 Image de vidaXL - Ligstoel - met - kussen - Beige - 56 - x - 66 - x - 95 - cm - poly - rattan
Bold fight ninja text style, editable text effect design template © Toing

--

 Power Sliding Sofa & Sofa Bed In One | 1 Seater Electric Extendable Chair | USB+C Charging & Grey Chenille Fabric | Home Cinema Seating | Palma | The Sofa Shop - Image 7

The task >> In the entries above, restate word for word the lines between the one holding "Image de vidaXL" and the one holding "Bold fight ninja", inclusive, and nothing besides.

Answer box >>
 Image de vidaXL - Ligstoel - met - kussen - Beige - 56 - x - 66 - x - 95 - cm - poly - rattan
Bold fight ninja text style, editable text effect design template © Toing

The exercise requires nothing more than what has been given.